Rolla M, Andreoni A, Belliti D, Cristofani R, Ferdeghini M, Müller E E
I Clinica Medica, U.O. di Fisiopatologia dell'Adolescenza, Università di Pisa, Italy.
Biol Psychiatry. 1991 Jun 1;29(11):1079-91. doi: 10.1016/0006-3223(91)90250-p.

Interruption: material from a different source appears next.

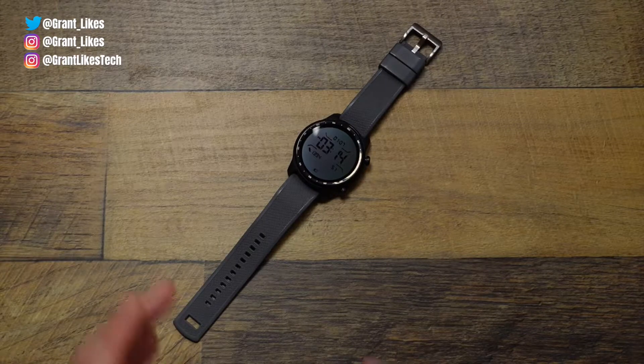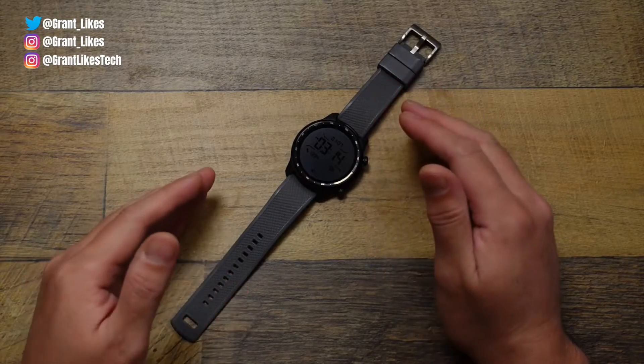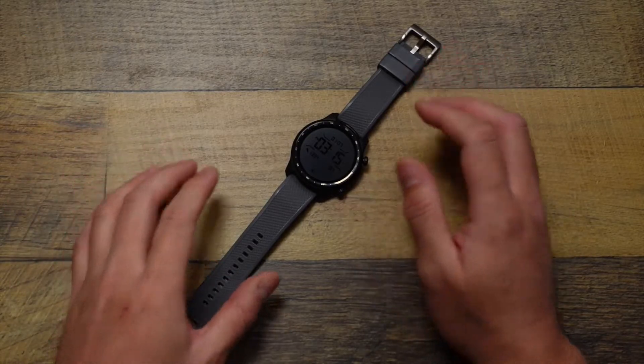Hoslin Grant here, welcome back to the channel. One of the new features on the TicWatch Pro 3 Ultra is being able to monitor for irregular heartbeats and atrial fibrillation detection, and that's not on by default.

In view of the important role played by the cholinergic system in the neural regulation of growth hormone (GH) secretion, the ability of pirenzepine, a selective antagonist of muscarinic cholinergic receptors, to blunt the GH response to GH-releasing hormone (GHRH) was studied in adolescent females with anorexia nervosa in the acute (AN-AP) five AN-AP patients, administration of GHRH 1-40 (1 microgram/kg IV) evoked a significantly higher GH response than in controls at established intervals, whereas in eight AN-RP and seven AED patients it was higher than in controls at only one (150-min) and two (150-min, 180-min) time intervals, respectively. In the AN-AP patients, pretreatment with pirenzepine (0.6 mg/kg IV) only partially blocked the GH response to GHRH, whereas in the same AN-AP patients tested during recovery, and in AN-RP and AED patients, the drug completely suppressed the GH response to GHRH, as it did in controls. In view of pirenzepine's mechanism of action, these findings are best explained by the existence in the hypothalamus of AN-AP patients of a cholinergic hypertone and/or a diminished somatostatinergic function. Evaluation of the clinical and hormonal characteristics of the anorectic patients studied would indicate that factors other than undernutrition and its biological consequences, which subside in the recovery stage of the disease and are not present in AED patients, contribute to the anomalous GH response pattern of AN-AP patients.
鉴于胆碱能系统在生长激素(GH)分泌的神经调节中发挥的重要作用,本研究探讨了毒蕈碱胆碱能受体选择性拮抗剂哌仑西平抑制GH对生长激素释放激素(GHRH)反应的能力。在急性神经性厌食症青少年女性(AN-AP)中,5例AN-AP患者静脉注射GHRH 1-40(1微克/千克)后,在既定时间间隔内,其GH反应显著高于对照组;而在8例神经性厌食症康复期患者(AN-RP)和7例青春期情绪障碍患者(AED)中,分别仅在1个(150分钟)和2个(150分钟、180分钟)时间间隔内高于对照组。在AN-AP患者中,预先静脉注射哌仑西平(0.6毫克/千克)仅部分阻断了GH对GHRH的反应;而在恢复期间接受测试的相同AN-AP患者以及AN-RP和AED患者中,该药物完全抑制了GH对GHRH的反应,与对照组情况相同。鉴于哌仑西平的作用机制,这些发现最好的解释是AN-AP患者下丘脑存在胆碱能张力过高和/或生长抑素能功能减弱。对所研究的厌食症患者的临床和激素特征进行评估表明,除了营养不良及其生物学后果(这些在疾病恢复阶段会消退且在AED患者中不存在)之外,还有其他因素导致了AN-AP患者异常的GH反应模式。